What follows, unfortunately, is true. It was 1973 and I was 24 years old. At the time I was working at the Sahara Tahoe Casino in Lake Tahoe, Nevada. I had just finished my shift on the casino floor and was still in my frilled shirt, dark dress slacks, and patent leather shoes. I decided to have dinner at one of the casino’s many restaurants, and I was seated in a corner booth whereupon I ordered dinner and a drink. My dinner arrived and I began to eat, and after a few minutes I casually looked up to survey the room. I noticed a table of folks looking my way, and smiling politely I returned to my food. A while later I took a long pull on my drink, and looking across the room I was surprised to now see several tables of people looking directly at me, and they couldn’t hide their excitement. It dawned on me that they must think me someone else – a performer or celebrity perhaps. The Sahara Tahoe was a venue for many top showbiz acts, among them Elvis, Tom Jones, and others. I discreetly looked down to ensure that I hadn’t dribbled anything down the front of my shirt, and then very carefully resumed eating.

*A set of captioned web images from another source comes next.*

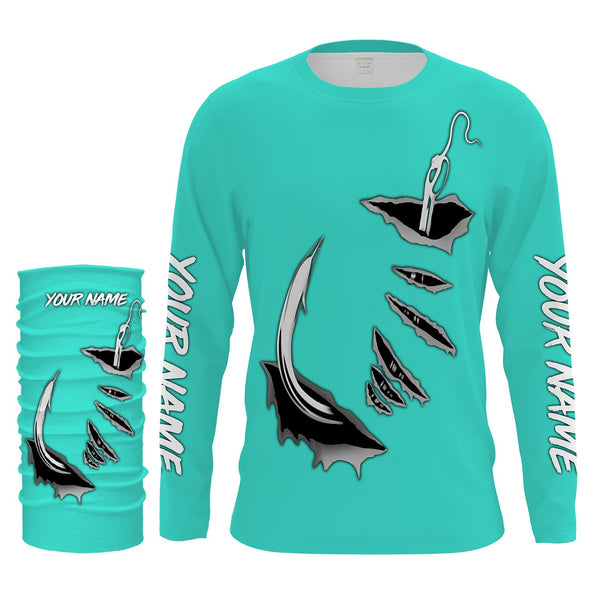 Fish hook Custom Turquoise blue Long Sleeve performance Fishing Shirts Fishing jerseys - IPHW1490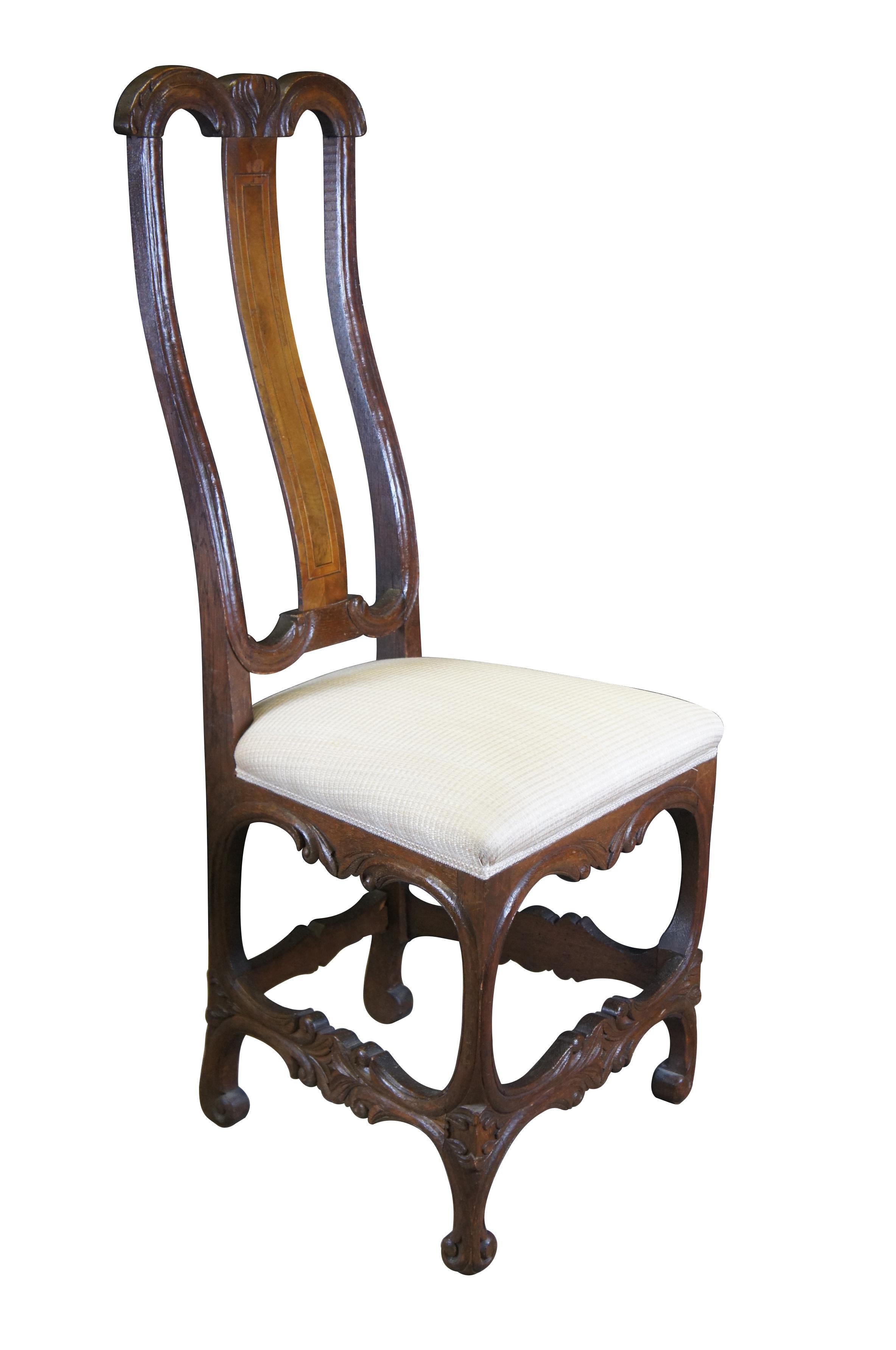 2 Antique German Baroque Carved Oak & Mahogany Inlaid Dining Chairs In Fair Condition For Sale In Dayton, OH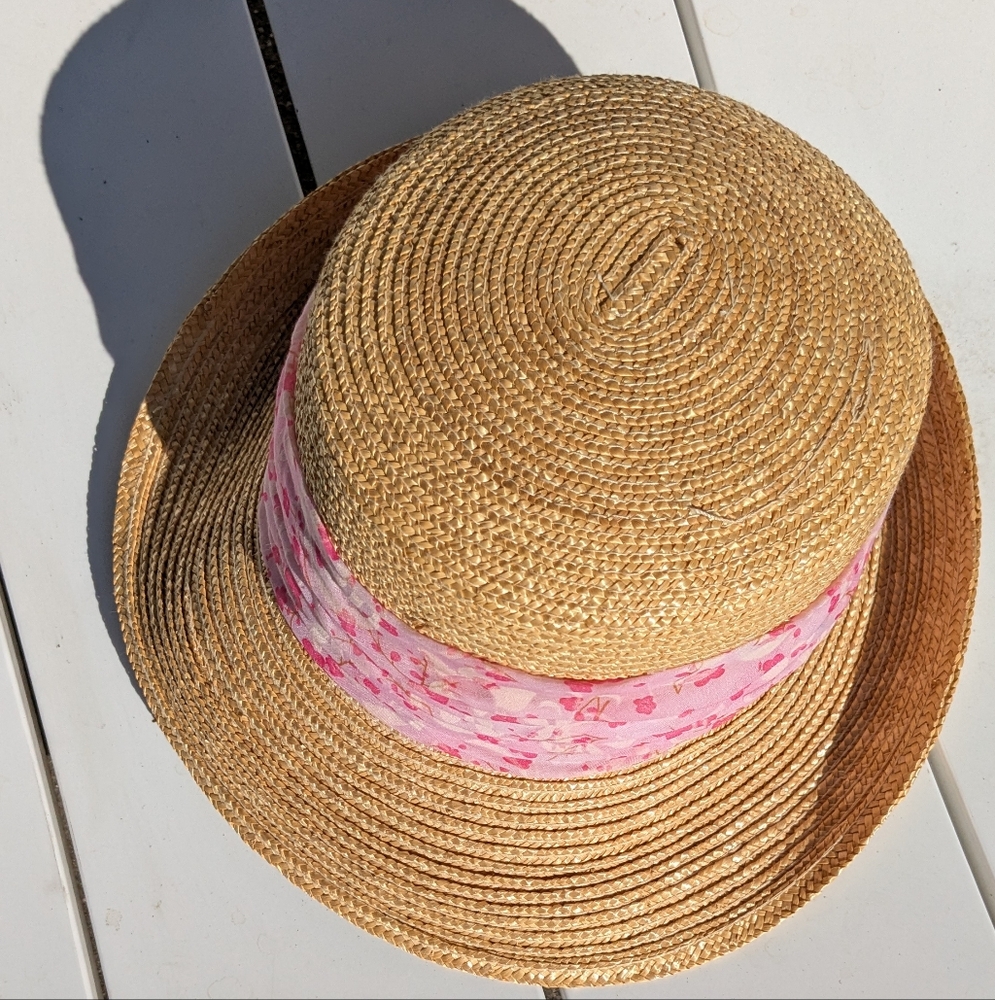 Pink BETMAR NEW YORK STRAW HAT Chiffon Scarf Band Woven Fedora Women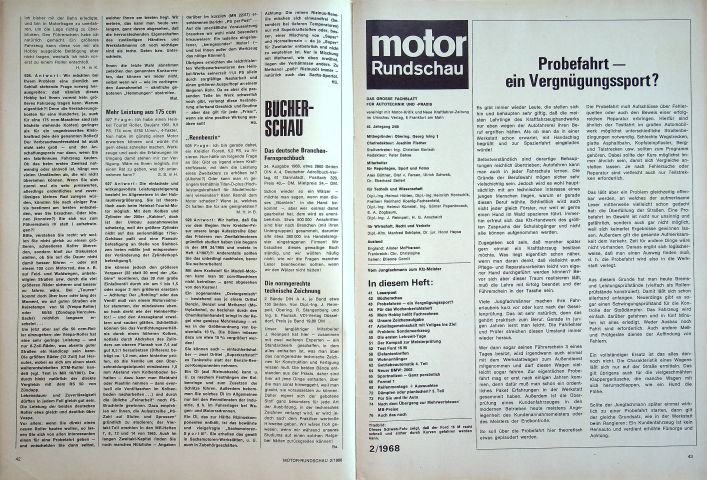 Inhaltsverzeichnis Motor Rundschau 02/1968
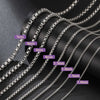 Stainless Steel Long Box Chain Necklace 45-60 cm (18-24 in), 2-7 mm Width, Unisex Punk Minimalist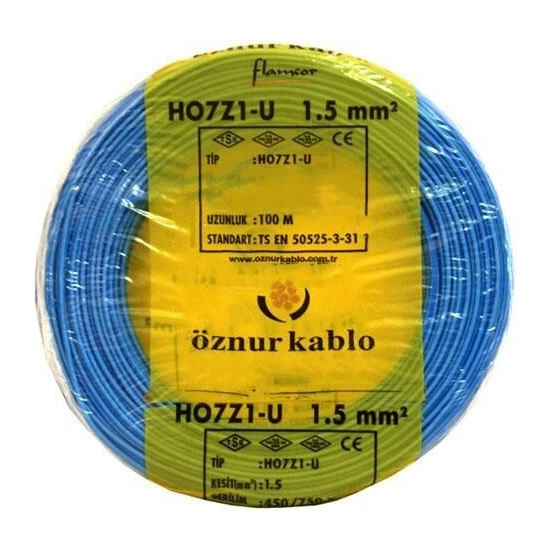Öznur Nhxmh Yanmaz Kablo 1,5 Luk Mavi (100 Metre)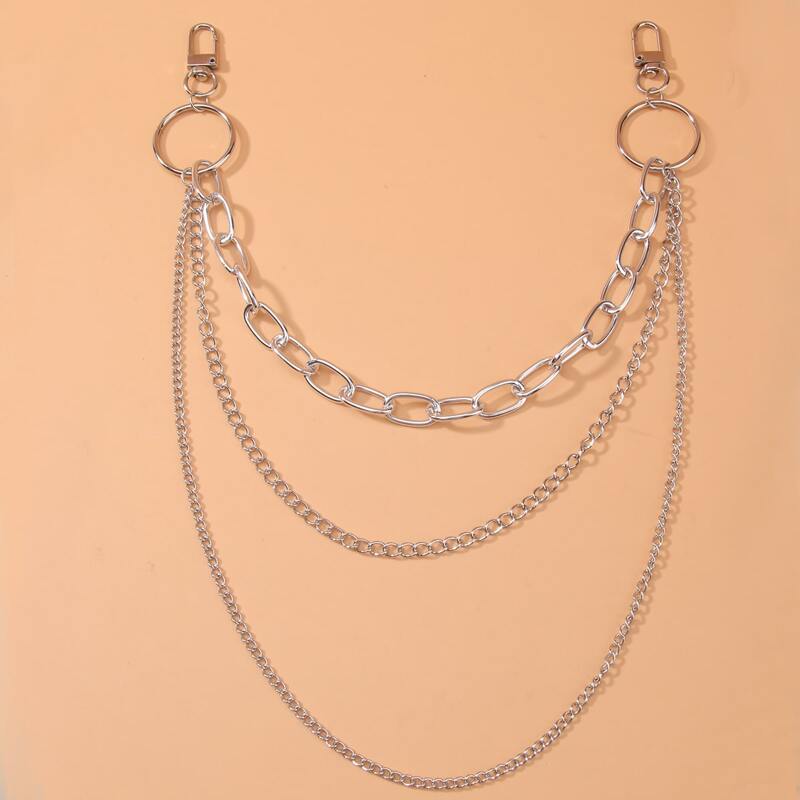 

Metal Layered Pants Chain, Silver
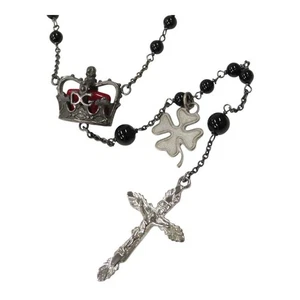 Dolce&Gabbana D&G Halskette Kreuz Rosenkranz Krone Kleeblatt Logo Halskette Anhänger - Bild 1 von 9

I was suddenly very conscious of being watched, and didn’t want to miss my mouth with my fork and push green Jello up my nose. Reaching for a table knife I turned it on edge hoping to catch my reflection and see if my hair was right. As I took another sip of my drink my eyes flicked over the rim of the glass toward the room. Bedlam! Not only was the entire room now looking toward me, but people were actually pointing and breathlessly talking amongst themselves!I felt my face flush and my heart begin to pound. My mind raced and I lost myself in the enormity of the moment. So this is what it’s like to be a star! I wondered who they thought I was, not that it mattered. I was somebody!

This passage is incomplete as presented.